The Thai-Cambodia Border Dispute and Implications for ASEAN
As someone who is passionate about evolving practice in ASEAN and whether it might portend a greater role for the body in ensuring human security in the face of prominent intra-state challenges, the recent flare up of the border dispute between Thailand and Cambodia is sobering. As well as violating the cardinal ASEAN principles of non-use of force and the peaceful resolution of disputes, the violence is believed to have left 3 Thais and 8 Cambodians dead and an estimated 30,000 displaced. Moreover, the recent eruption of tensions poses an important test case for ASEAN. For better or for worse, the trajectory that the conflict as well as resolution efforts take over the coming days and weeks will have potentially significant implications for the grouping. Amongst the most disconcerting are the possible effect the conflict may have on member states’ perceptions of ASEAN’s relevance and ultimately, the negative influence it might exert on the momentum towards a Southeast Asian political-security community.
The border dispute between Thailand and Cambodia has its origins in a settlement between the Kingdom of Siam and the French colonial government in Cambodia a century ago that saw the Preah Vihear temple awarded to Cambodia.
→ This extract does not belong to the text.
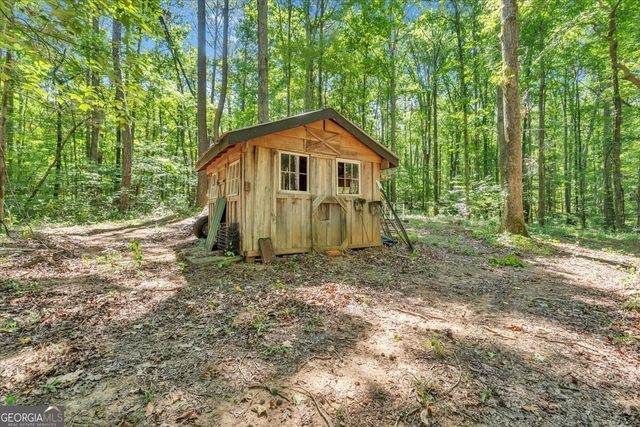 1251 South Trace, Rutledge, GA 30663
In 1962, the International Court of Justice (ICJ) reaffirmed Cambodia’s sovereignty over the temple, but failed to rule on adjoining territory. The listing of the temple as a UN World Heritage site in 2008, however, sparked a fresh series of disputes, with the February clashes the most recent and violent flare up. Although border disputes are not uncommon among ASEAN members, observers of the recent violence invariably implicate the role of domestic political manoeuvring on both sides.
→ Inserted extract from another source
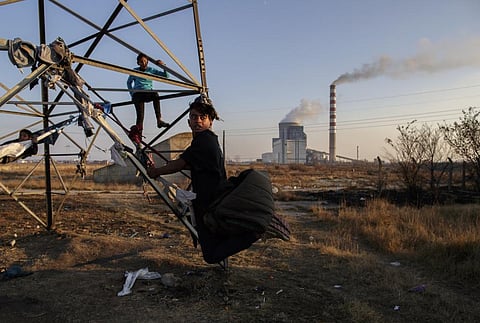 The good, the bad and the ugly: the nations leading and failing on climate action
In the wake of the clashes, and in spite of Thailand’s preference for solving the problem bilaterally, Cambodia has called on the UN Security Council to engage and for UN peacekeepers to establish a buffer zone along the border. The Thai and Cambodian Foreign Ministers, and Indonesian Foreign Minister, Marty Natalegawa, representing ASEAN, are subsequently expected to attend a UNSC briefing on Monday. It is expected that the UNSC meeting will pave the way for a much-needed regional (binding) mandate to resolve the dispute. Kavi Chongkittavorn has suggested that Natalegawa’s urgent convening of a meeting of ASEAN Foreign Ministers on February 22nd is seen to be in anticipation of this, and will allow ASEAN to decide on a course of action for dousing potential further conflict – and salvaging its reputation.
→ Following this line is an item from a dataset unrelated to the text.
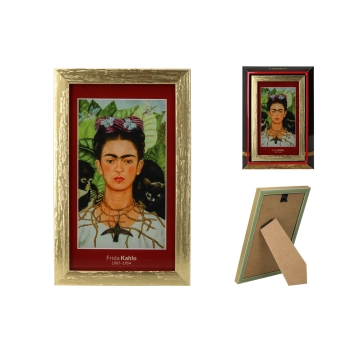Obrazek - Frida Kahlo (CARMANI)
While Cambodia’s internationalisation of the issue may have undermined ASEAN’s centrality in regional peace and security, the other side of the coin is that Cambodia’s course of action reflected a lack of faith in ASEAN’s capacity. The ASEAN Charter already provides for good offices, conciliation and mediation to solve disputes (see Articles 22 and 23), and it is crucial that ASEAN utilise this mandate – either through continued efforts by the ASEAN Chairman or a neutral party. Ultimately, the biggest hurdle to the effectiveness of current mechanisms is the requisite will on the part of member states. Countries’ perceptions of ASEAN’s legitimacy as an effective peace-broker are likely to play a key role in determining this. In this vein, in order to reaffirm its centrality in and capacity for regional conflict management, rather than merely asserting its relevance through the rhetoric of a political-security community, there must be measurable progress on concrete initiatives already provided for in the Charter and political-security community blueprint. This could mean, for instance, enhancing the region’s capacity for peacekeeping.